If you show that you'll go out of your way to be so helpful, even at your own expense, it makes others lazy. In my case, a project could sit on an engineer's desk for weeks before he suddenly realized that a deadline was coming up. He would quickly throw some information together in a haphazard way and dump it on my desk for me to sort out. Since this was last minute, it often meant that in order to meet the deadline I had to stay late or work through my lunch hour and generally knock myself out to get it done. Because by then it was on my desk, so it was my problem, right?
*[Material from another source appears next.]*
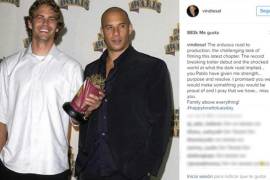 La promesa de Vin Diesel a Paul Walker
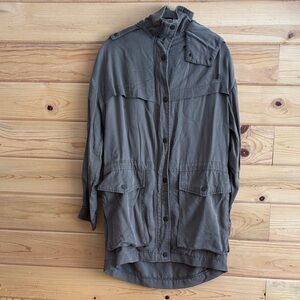 Women’s green Jacket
Now, I'm really not stupid, but at that time, it had never occurred to me that I could do anything to change the situation. I was a good girl, and had been brought up to always do as I was told. If I didn't I would get in trouble, so why would my work life be any different? I gradually started to realize though that something wasn't quite right with this picture. I started to realize what people were doing - it was also a bit of a give-away when it didn't ever happen to the other secretaries, only to me.
One day, our whole department was going out to lunch to celebrate a special occasion. We had been planning and looking forward to it for a long time. Just before we were due to leave for lunch I was away from my desk and I returned to find some work that had been left there by one of the engineers. He had already left to go to the celebration and he had left some work that was so urgent (he said) that it meant in order to complete it I would have to stay behind and miss the celebration. At that point something inside me snapped. I added my own comment to the note that he had left: "No! Do it yourself!" I put it back on his desk and left to join the others for lunch.
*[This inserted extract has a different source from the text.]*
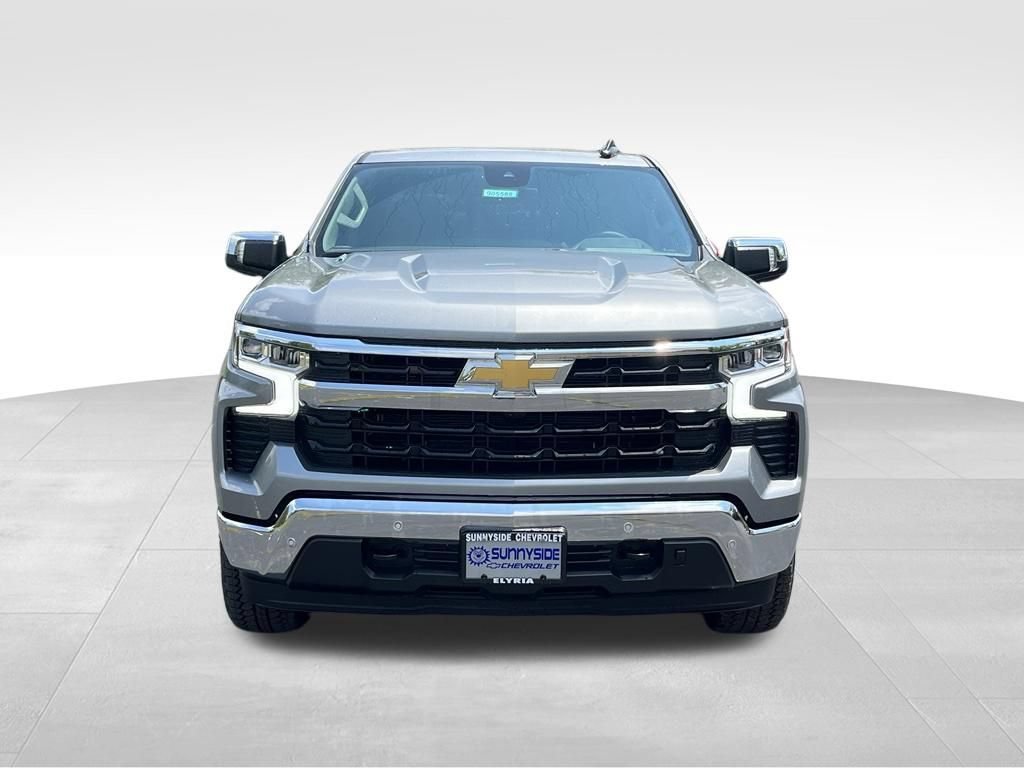 New 2026 Sterling Gray Metallic Chevrolet LT image 6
I enjoyed our lunch time celebration and did not regret what I had done. But as we were leaving to go back to the office I felt a very uneasy feeling in the pit of my stomach. Oh no, what had I done? This was so terrible, I was sure my boss would fire me. It was just bad. He would be right to fire me.
When I arrived back at the office I knocked on my boss's door. He invited me in and I told him what I had done. I thought it best that he hear it from me first. What he said next shocked me. He didn't fire me. He didn't tell me what a terrible thing I'd done. Instead, he said "It's about time!" He told me that he could see how the others took advantage of me and they did it because that's the behavior that I had taught them. I had taught them how to treat me. He was pleased that I was finally standing up for myself!
It took me several years after that to really get the hang of saying no and to stop setting myself up for such treatment. But now it's much easier. You should try it. "No, I don't have time for that right now." "No, I won't be able to fit that in." Or just plain "NO." If you are a people pleaser or if you just have a hard time saying no, realize this: the world won't fall apart if you use the word. People won't hate you - quite the opposite in fact. One thing I have realized is that people respect you so much more if you don't let them walk all over you.
No is a very powerful word. Practice it now. Look in the mirror and practice it. The more you use it, the better it feels. The trouble is, when we say yes all the time we actually start to resent the fact that we said yes and what that means for us (the extra work we have to do, the places we have to go, the people we have to be with) and we start to resent the people who ask us. It's one thing to say yes to something because it's what we really want to do and it will bring us pleasure. It's quite another to say yes because we think we should or we think we'll upset people if we don't. We really do teach people how to treat us and people will start treating you much better when you start to say no.
Go on, be brave. Practice it now. What can you say no to today? If you have a hard time doing it as soon as somebody asks you to do something, then try telling them "I need to think about it" when they ask you. That will give you time to prepare, and then you can go back to them and say no later, when you feel more comfortable with it. And one more thing - you don't need to give excuses. Often when we do say no we think we have to give a big explanation of why we're saying no - to help the other person (and us) feel better. You don't need to explain. Just say no - that's all.
Try it. You'll be so glad you did and it will get easier.